Thread: Query Sampling

Query Sampling

From
Varun Kacholia
Date:
Hi everybody, I would like to add query sampling support to postgresql (atleast as a part ofmy project, if someone
feelsstrongly against checking it in the main branch). 
I have been going over the code and I do see a lot of sampling stuff
in backend/commands/analyze.c. However, I plan to add sampling support
to the
executor, allowing the following types of queries:

SELECT STORE, AVG(SALES) FROM TRANSACTIONS TABLESAMPLEBERNOULLI(10) REPEATABLE(5) GROUP BY STORE

(This is supported by DB2).

For starters I think this should be doable in the executor by cannibalizing
nodeSeqscan.c and adding sampling support to it.
However I am concerned about the planner optimizations as it might decide
to run an index scan (instead of a sequential scan) for a particular
base relation.
My question is: Is there any easy way of forcing the optimizer to
choose sequential
scan for a particular relation? (I apologize if this is documented in
the planner code
as I am still going over it).
I would appreciate any other comments.

Thanks much,
Varun


Re: Query Sampling

From
Simon Riggs
Date:
On Sat, 2005-08-27 at 17:00 -0700, Varun Kacholia wrote:
> Hi everybody,
>   I would like to add query sampling support to postgresql (atleast as a part of
>  my project, if someone feels strongly against checking it in the main branch).
> I have been going over the code and I do see a lot of sampling stuff
> in backend/commands/analyze.c. However, I plan to add sampling support
> to the
> executor, allowing the following types of queries:
> 
> SELECT STORE, AVG(SALES) FROM TRANSACTIONS TABLESAMPLE
>  BERNOULLI(10) REPEATABLE(5) GROUP BY STORE
> 
> (This is supported by DB2).

This is part of the ISO/ANSI SQL standard, so would no doubt be accepted
as a feature into PostgreSQL. 

I assume you realise that Bernoulli sampling is currently possibly using
the random() function and setseed() ?

SYSTEM sampling could be a good performance gain for SELECTs requiring
fast sampling operations against large tables. That's a common situation
for data mining applications.

> For starters I think this should be doable in the executor by cannibalizing
> nodeSeqscan.c and adding sampling support to it.
> However I am concerned about the planner optimizations as it might decide
> to run an index scan (instead of a sequential scan) for a particular
> base relation.
> My question is: Is there any easy way of forcing the optimizer to
> choose sequential
> scan for a particular relation? (I apologize if this is documented in
> the planner code
> as I am still going over it).
> I would appreciate any other comments.

I can't see why TABLESAMPLE effects a sequential scan *only*, in all
cases. I agree that there seems little point in sampling rows from a
table when it is already sufficiently restricted that the query could
use an index. 

AFAICS this clause would potentially effect Index and Bitmap scans also,
and would be required for full correctness to the standard.
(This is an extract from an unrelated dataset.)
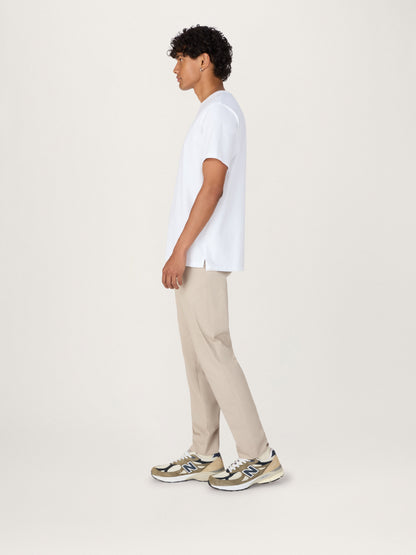 La camiseta de peso pesado — blanco, algodón orgánico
In terms of the standard syntax, BERNOULLI sampling might be slightly
easier to implement within the row-oriented logic of the executor.
However, I'd suggest that SYSTEM might be a more useful starting place
since it could greatly improve performance for sampling operations.
SYSTEM sampling allows you to skip whole blocks altogether, or even
groups of blocks so that filesystem readahead could still give you
sequential I/O, even while sampling. (The standard doesn't say anything
about how you achieve this, hence "SYSTEM" - but it does relax the
requirement that the probability of a row's inclusion in the result set
is independent of other rows).

You would need to be careful to sample the whole table though, rather
than to follow the temptation to just scan the first X% of it. The start
of a table has a tendency to be dead tuples, which was an error that the
sampling logic in 7.4 made, so it would be wise to avoid repeating that.

I'd be willing to lend a hand over the coming year - since 8.1 just went
beta we can expect a good few months before the next code deadline.

Best Regards, Simon Riggs




Re: Query Sampling

From
Varun Kacholia
Date:
 > I assume you realise that Bernoulli sampling is currently possibly using
> the random() function and setseed() ?
Yes, select * from table where random() < x, does the job.
> I can't see why TABLESAMPLE effects a sequential scan *only*, in all
> cases. I agree that there seems little point in sampling rows from a
> table when it is already sufficiently restricted that the query could
> use an index.
> AFAICS this clause would potentially effect Index and Bitmap scans also,
> and would be required for full correctness to the standard.

As I see it, there are 3 ways of implementing the sample operator:
1. modify node[Seq|Tid|Index|..]scan.c to consider sampling
2. create new nodes for each of the possible scans..sequential, index, tid et al
3. support sequential scan only for sampling.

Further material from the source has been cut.